*Exercise material:*

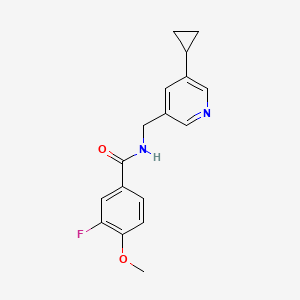 molecular formula C17H17FN2O2 B2923898 N-((5-环丙基吡啶-3-基)甲基)-3-氟-4-甲氧基苯甲酰胺 CAS No. 2034569-79-2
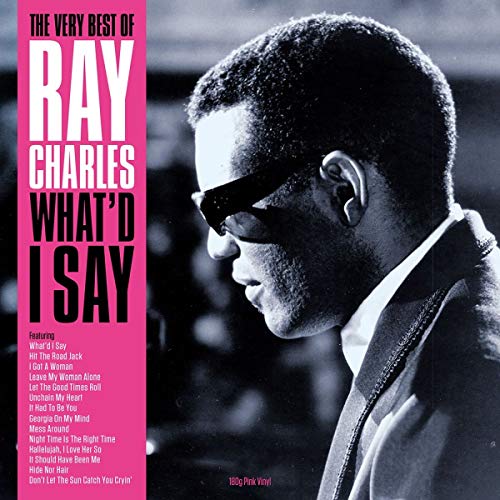Black and white portrait of Ray Charles on a pink and black album cover.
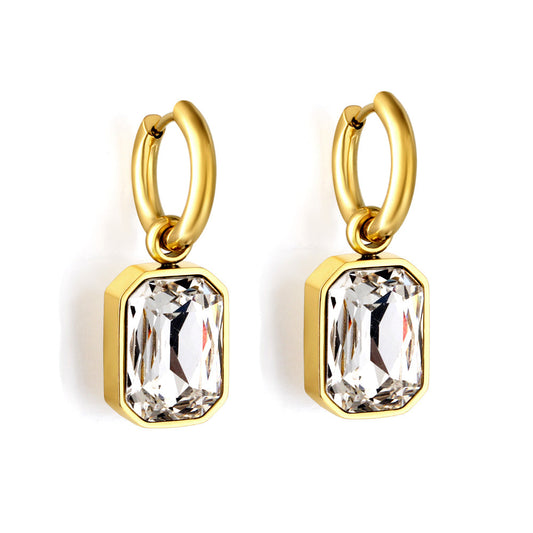 Lydia XL pendant gold hoop earring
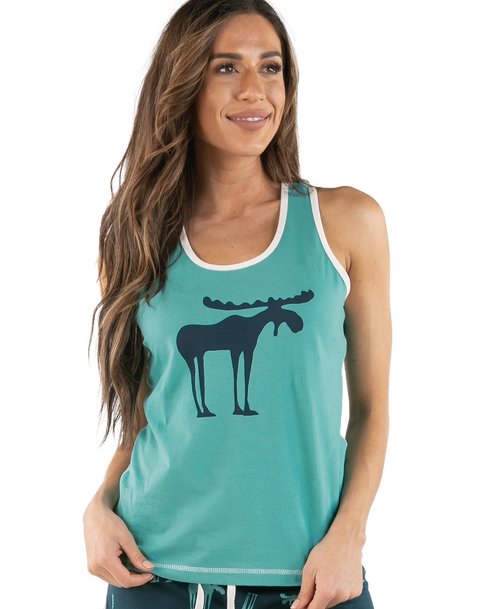 lazy one Funky Moose Blue Women's Tank Top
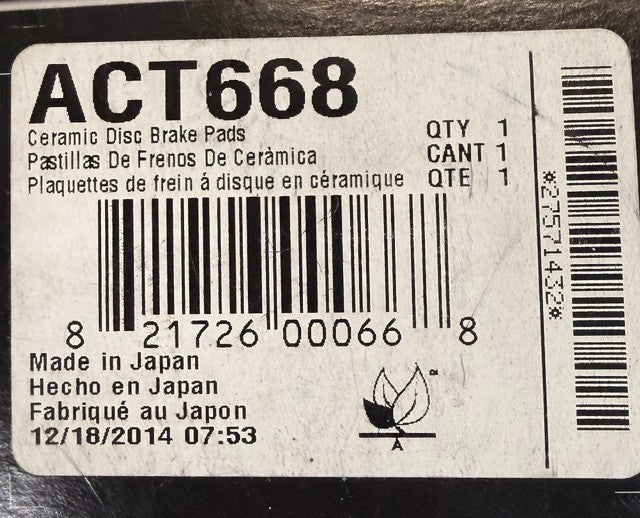 Box Of 4 Akebono ProACT Ultra-Premium Ceramic Brake Pads ACT668 Automotive Units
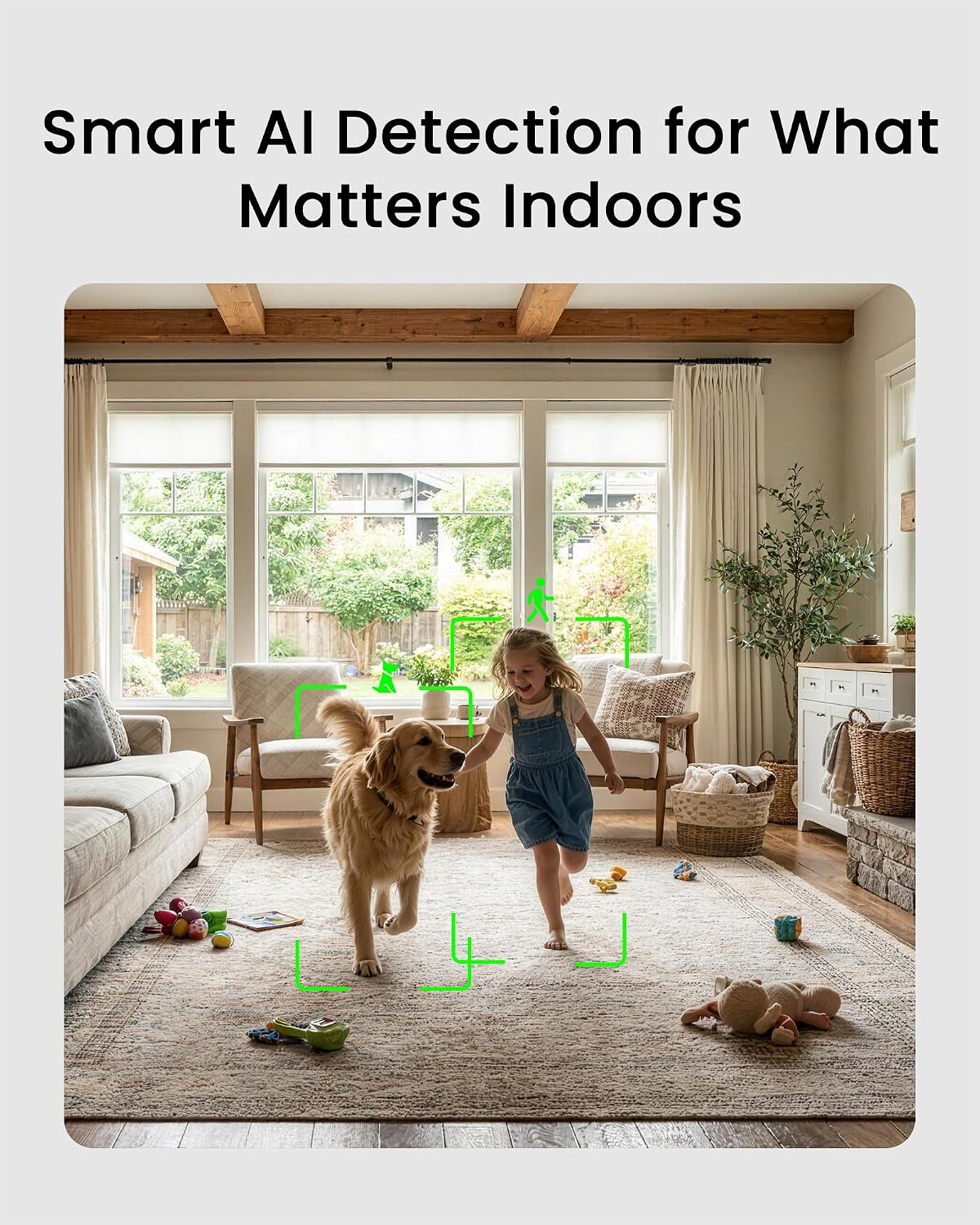 youkey Magnetic Indoor Security Camera Wireless, 2K Battery Powered Camera, No Subscription, Built-in 8GB Storage, Wire-Free for Renters, Compatible with Alexa & Google, Pet/Baby Monitor(S320)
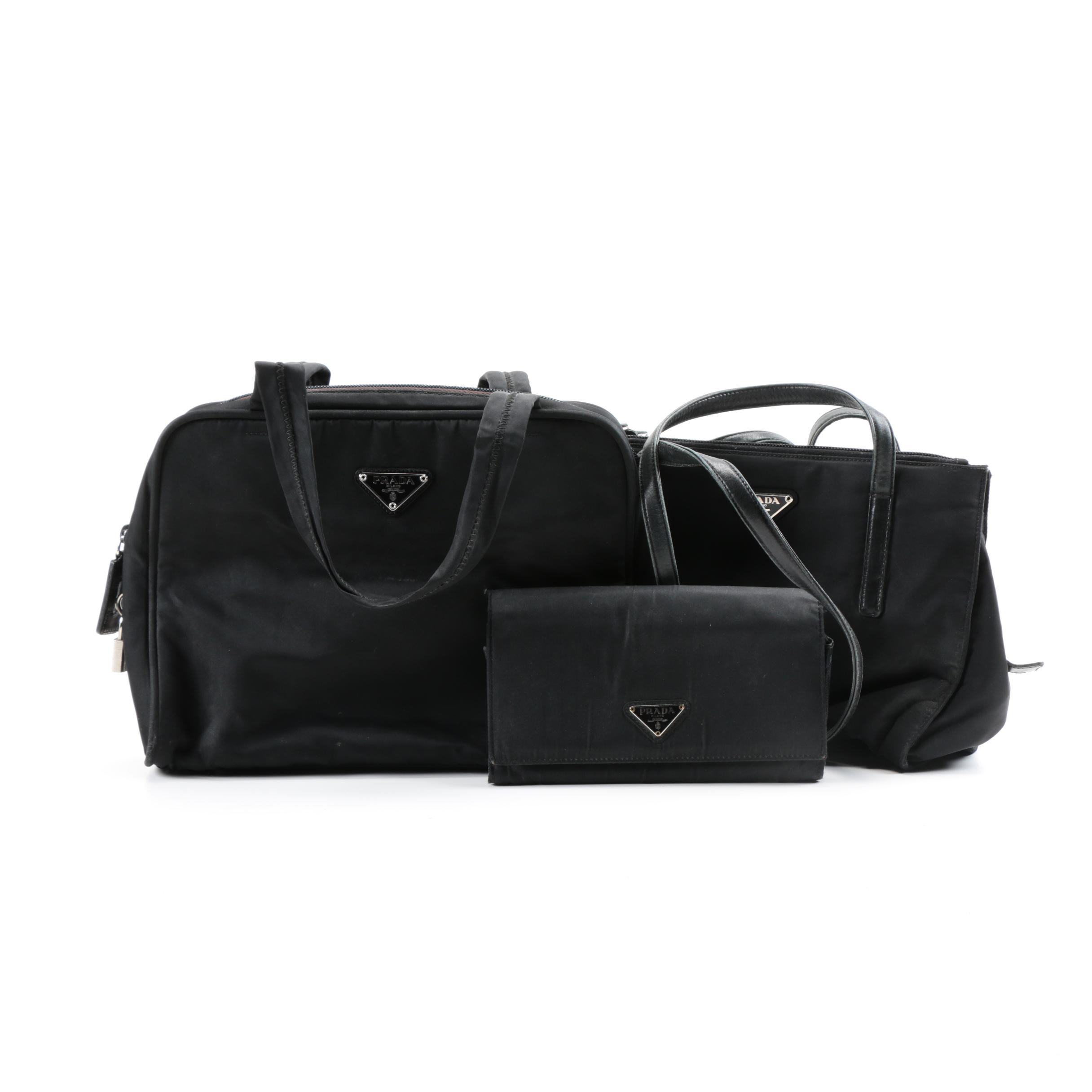 Prada Black Nylon Handbags and Wallet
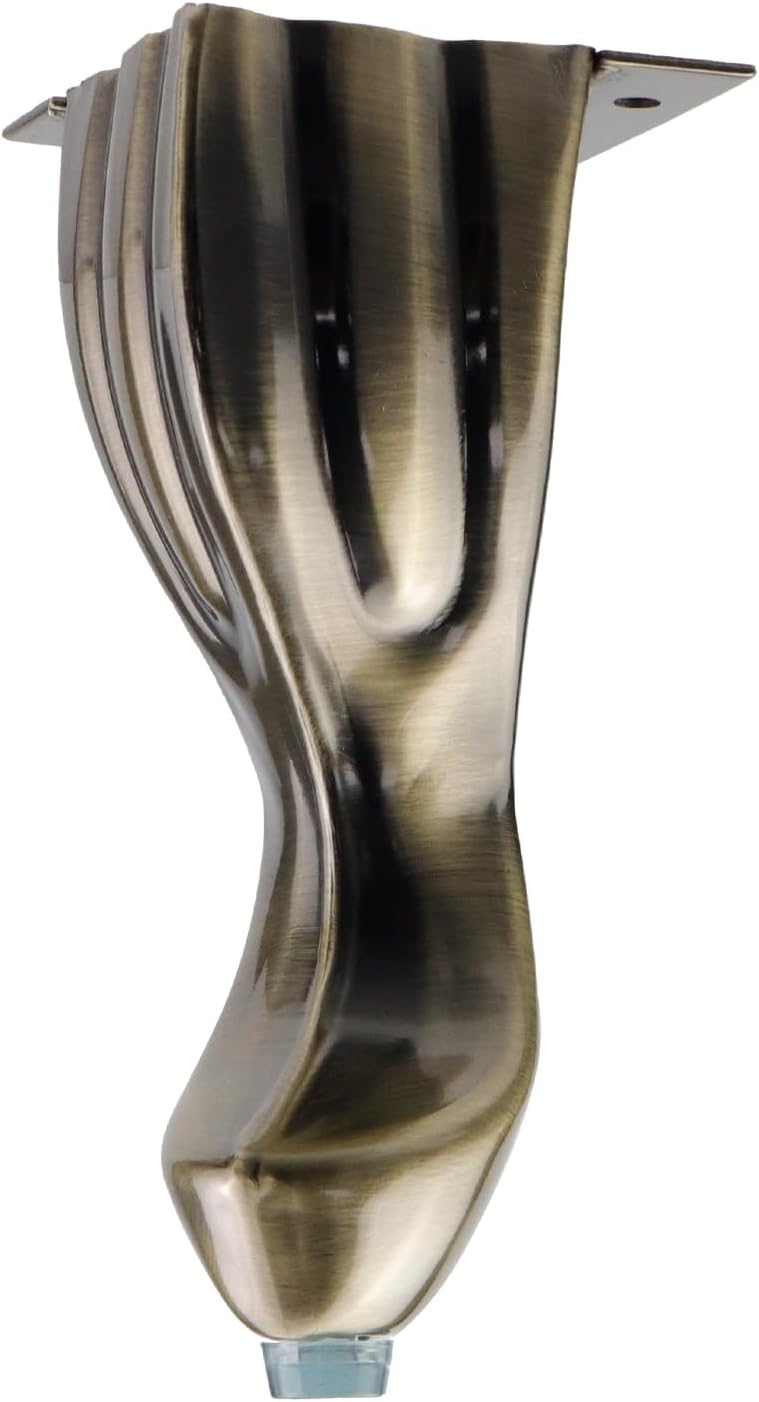 4Pcs S-Shape Metal Sofa Legs Furniture Legs Table Feet Cabinet Support Elegant Decorative Metal Feet Replacement (5.6-Inch Height Bronze)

*Task description:* Drop the images; return the entries above exactly as they appear.

*Written answer:*
 molecular formula C17H17FN2O2 B2923898 N-((5-环丙基吡啶-3-基)甲基)-3-氟-4-甲氧基苯甲酰胺 CAS No. 2034569-79-2
Black and white portrait of Ray Charles on a pink and black album cover.
 Lydia XL pendant gold hoop earring
 lazy one Funky Moose Blue Women's Tank Top
 Box Of 4 Akebono ProACT Ultra-Premium Ceramic Brake Pads ACT668 Automotive Units
 youkey Magnetic Indoor Security Camera Wireless, 2K Battery Powered Camera, No Subscription, Built-in 8GB Storage, Wire-Free for Renters, Compatible with Alexa & Google, Pet/Baby Monitor(S320)
 Prada Black Nylon Handbags and Wallet
 4Pcs S-Shape Metal Sofa Legs Furniture Legs Table Feet Cabinet Support Elegant Decorative Metal Feet Replacement (5.6-Inch Height Bronze)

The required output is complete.